THE SEXTON stood in the porch of Milford meeting-house, pulling busily at the bell-rope. The old people of the village came stooping along the street. Children, with bright faces, tripped merrily beside their parents, or mimicked a graver gait, in the conscious dignity of their Sunday clothes. Spruce bachelors looked sidelong at the pretty maidens, and fancied that the Sabbath sunshine made them prettier than on week days. When the throng had mostly streamed into the porch, the sexton began to toll the bell, keeping his eye on the Reverend Mr. Hooper’s door. The first glimpse of the clergyman’s figure was the signal for the bell to cease its summons.
“But what has good Parson Hooper got upon his face?” cried the sexton in astonishment.
All within hearing immediately turned about, and beheld the semblance of Mr. Hooper, pacing slowly his meditative way towards the meeting-house. With one accord they started, expressing more wonder than if some strange minister were coming to dust the cushions of Mr. Hooper’s pulpit.
“Are you sure it is our parson?” inquired Goodman Gray of the sexton.
“Of a certainty it is good Mr.
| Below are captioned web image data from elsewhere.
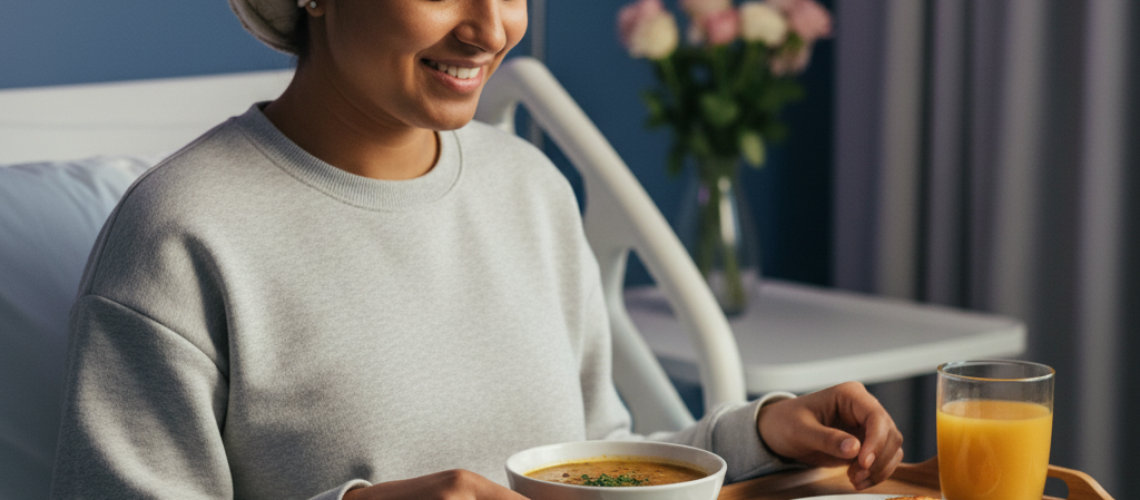 Nutrição de Precisão no Tratamento Oncológico_ Como a Personalização de Macronutrientes Pode Melhorar Desfechos Clínicos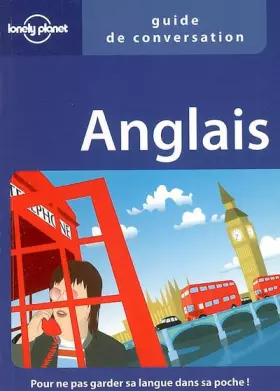 Couverture du produit · Guide De Conversation Anglais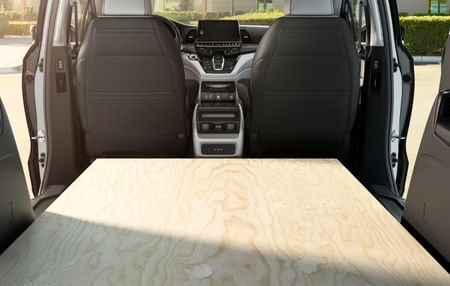 2026 Honda Odyssey: Making the Most of Your Cargo Space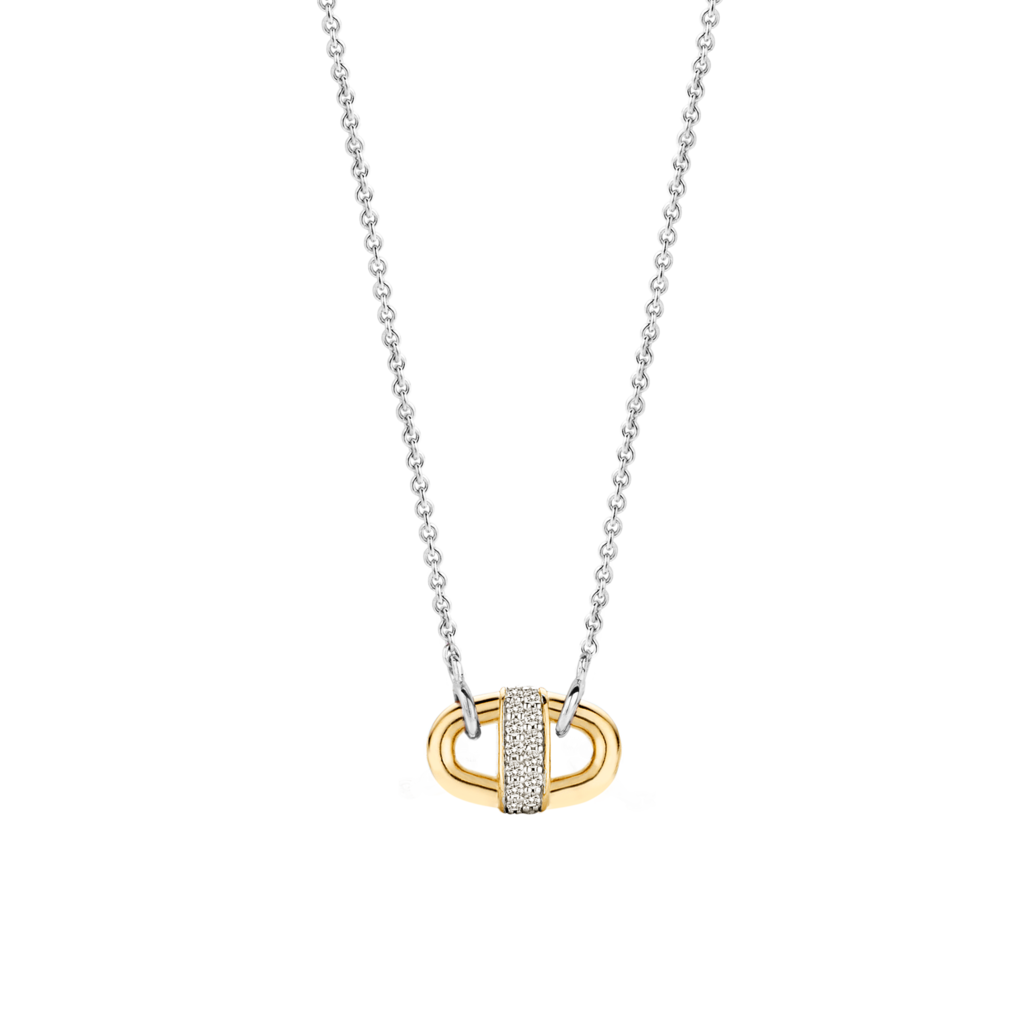 Pendentif argent 925 - 3911ZY/42 - Ti Sento Milano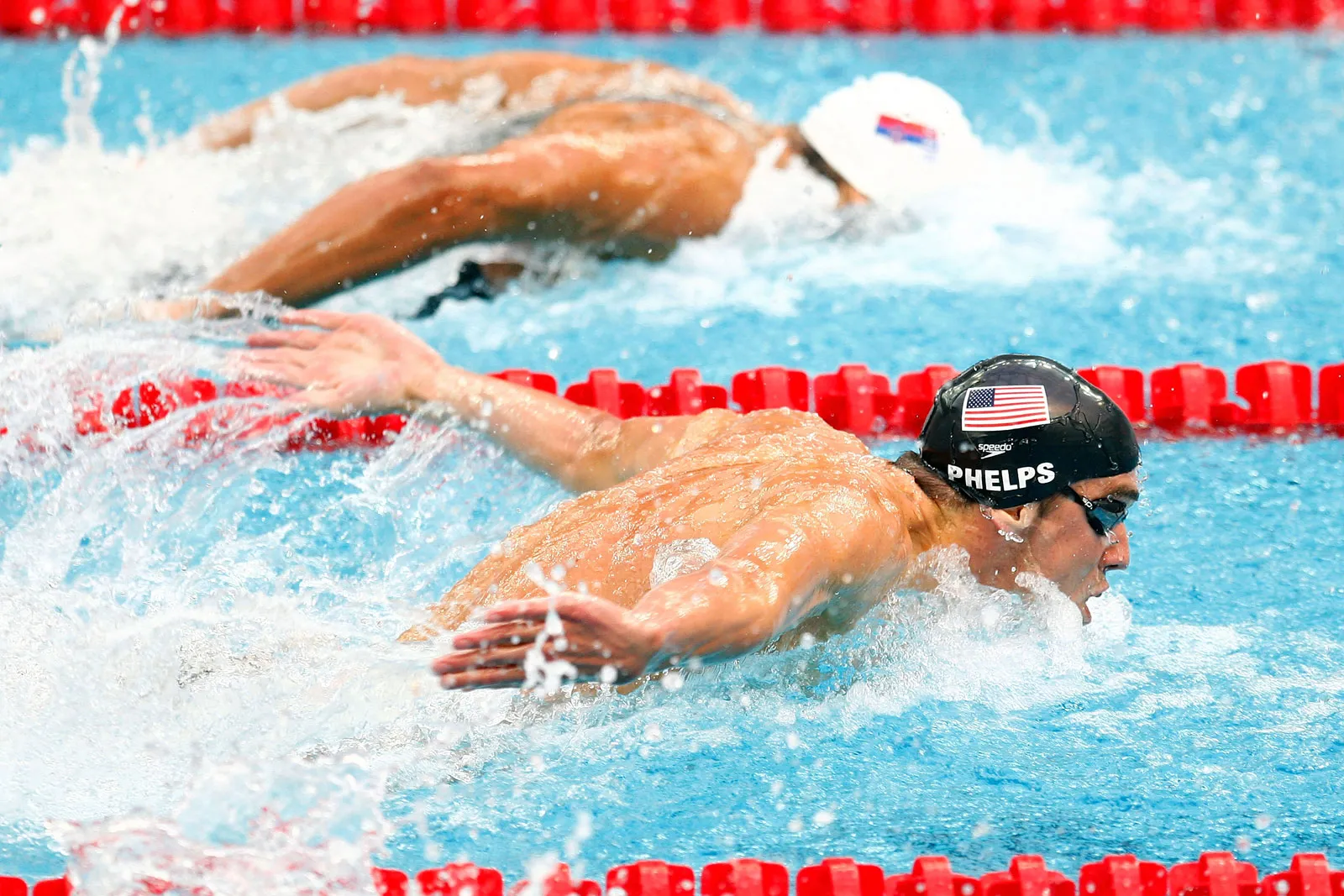 Milorad-Cavic-and-Michael-Phelps-100m-butterfly-final-2008-Beijing-Olympics Milorad-Cavic-and-Michael-Phelps-100m-butterfly-final-2008-Beijing-Olympics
Hooper,” replied the sexton. “He was to have exchanged pulpits with Parson Shute, of Westbury; but Parson Shute sent to excuse himself yesterday, being to preach a funeral sermon.”
The cause of so much amazement may appear sufficiently slight. Mr. Hooper, a gentlemanly person, of about thirty, though still a bachelor, was dressed with due clerical neatness, as if a careful wife had starched his band, and brushed the weekly dust from his Sunday’s garb. There was but one thing remarkable in his appearance. Swathed about his forehead, and hanging down over his face, so low as to be shaken by his breath, Mr. Hooper had on a black veil. On a nearer view it seemed to consist of two folds of crape, which entirely concealed his features, except the mouth and chin, but probably did not intercept his sight, further than to give a darkened aspect to all living and inanimate things. With this gloomy shade before him, good Mr. Hooper walked onward, at a slow and quiet pace, stooping somewhat, and looking on the ground, as is customary with abstracted men, yet nodding kindly to those of his parishioners who still waited on the meeting-house steps. But so wonder-struck were they that his greeting hardly met with a return.
“I can’t really feel as if good Mr. Hooper’s face was behind that piece of crape,” said the sexton.
“I don’t like it,” muttered an old woman, as she hobbled into the meeting-house. “He has changed himself into something awful, only by hiding his face.”
“Our parson has gone mad!” cried Goodman Gray, following him across the threshold.
If we cannot see someone’s face, we view them a different, as changed. As our imagination takes hold of this aberration we begin to believe they are not who they appear to be. Maybe a fear underneath our assumption of “face value” is that really we have no idea who is under the mask, we are not sure the personality or the emotions moving across the face truly represent the person. In terms of the body, what and who are we? Bon Appétit!